[This article belongs to Volume - 58, Issue - 01, 2026]
Gongcheng Kexue Yu Jishu/Advanced Engineering Science
Journal ID : AES-27-03-2026-92

Title : MULTI-ATTENTION TRANSFORMER FRAMEWORK FOR HUMAN ACTION RECOGNITION
T Mita Kumari, Abhimanyu Sahu and Dinesh Kumar Dash

Abstract :

Human Action Recognition (HAR) is an important subfield of computer vision that has been motivated by its broad application in intelligent surveillance, human health, athletics, and human-computer interaction. Although enormous improvements have been achieved based on convolutional and recurrent neural networks, in current methods, it is frequently not practical to grasp long-range temporal structure and intricate spatio-temporal connections in video data. This paper will solve these shortcomings by making suggestions of a Multi-Attention Transformer Framework to ensure effective and powerful human action recognition. The given model combines several types of attention mechanisms, i.e., spatial attention, temporal attention, and channel attention, with the help of a transformer-based model to learn better represent features and consider global contextual dependencies. The hybrid approach to feature extraction is used, which involves the use of both convolutional layers to produce an encoding of the local spatial feature and transformer encoders to produce a long-range coding of the temporal feature. The framework is geared to efficiently deal with issues including occlusions, variations in viewpoints, and intricate movements.

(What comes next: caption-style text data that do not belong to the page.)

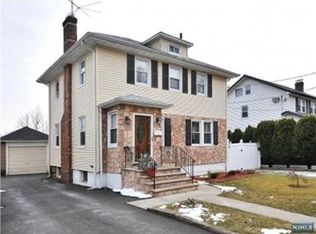 1161 Katherine St, Teaneck, NJ 07666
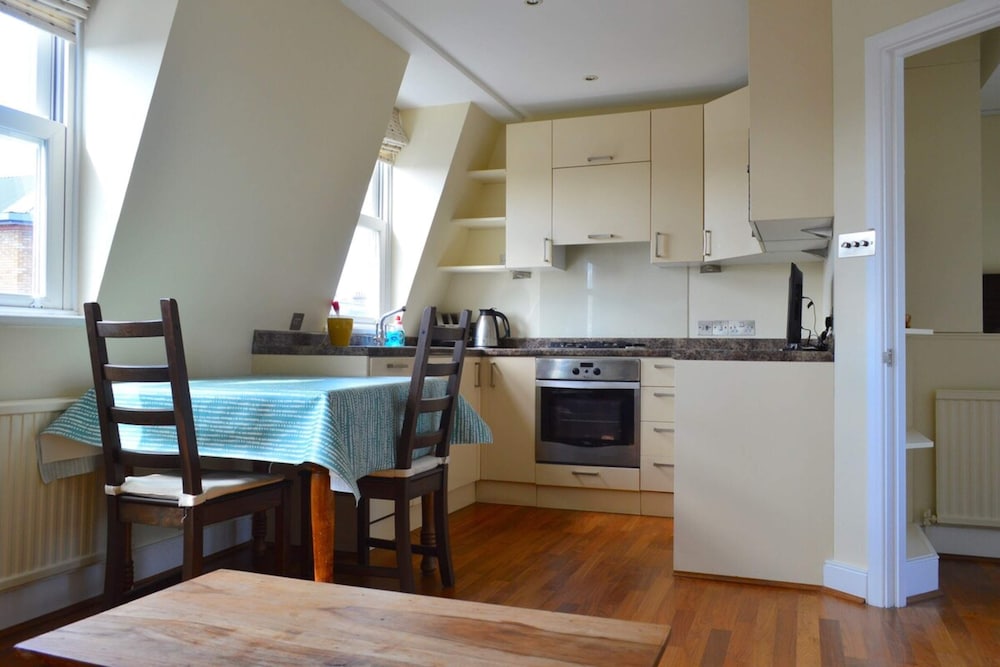 Lovely Top Floor Flat in Leafy Fulham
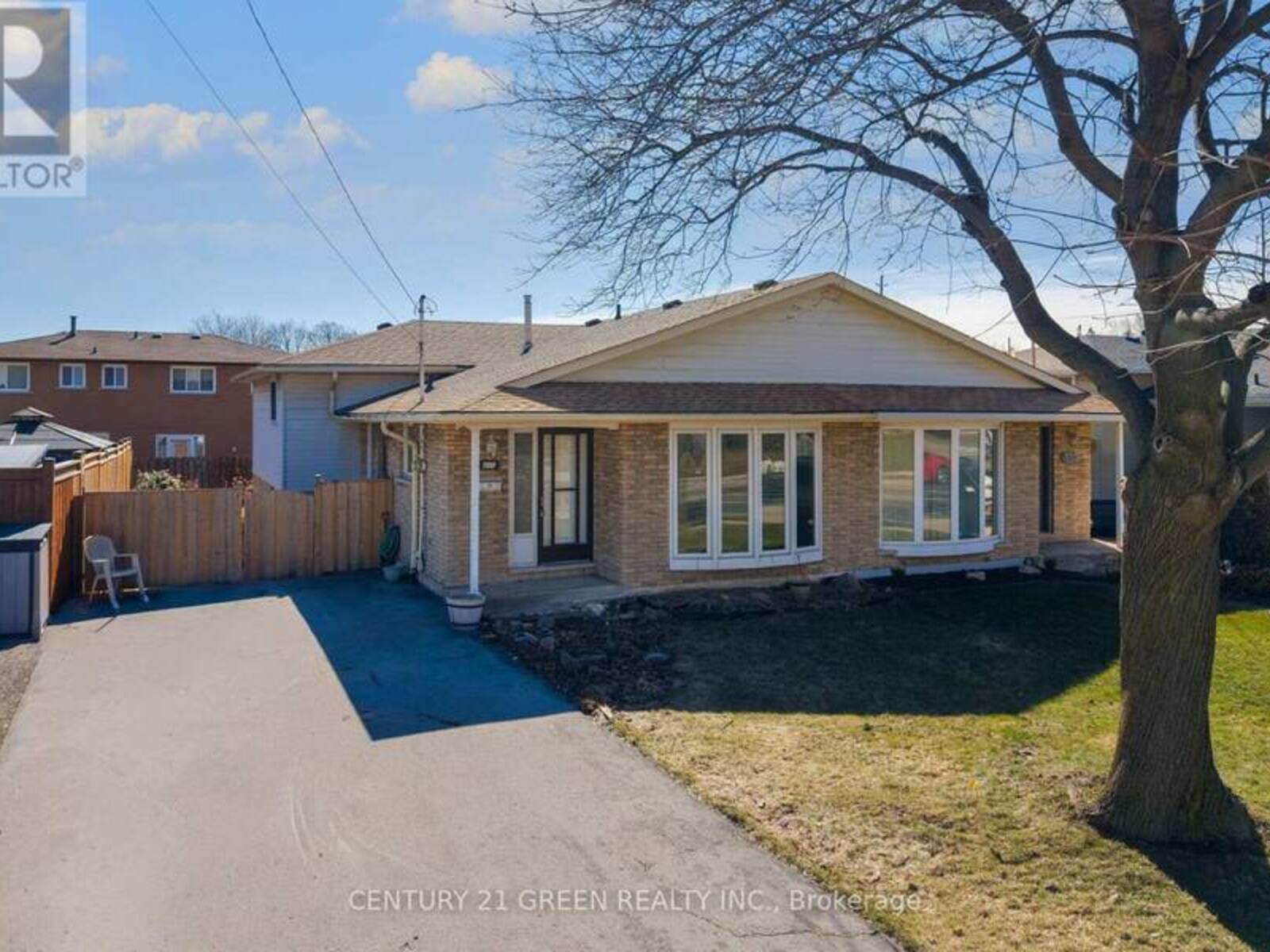 729 WEST 5TH STREET, Hamilton, Ontario L9C 3R3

The performance of the proposed approach is experimentally assessed on benchmark datasets, and it is shown to be superior to the traditional CNN-based, RNN-based, and standard transformer models in terms of accuracy, precision, and computation efficiency. Multi-attention modules offer great gains to the discriminative strength of the model, without introducing new challenges to scaling the model to real-world situations. The results demonstrate the usefulness of multi-attention transformer architectures to state-of-the-art in human action recognition. The suggested framework would lead to the creation of more advanced and resilient systems of HAR, which would be a step toward further studies in multimodal and real-time action recognition.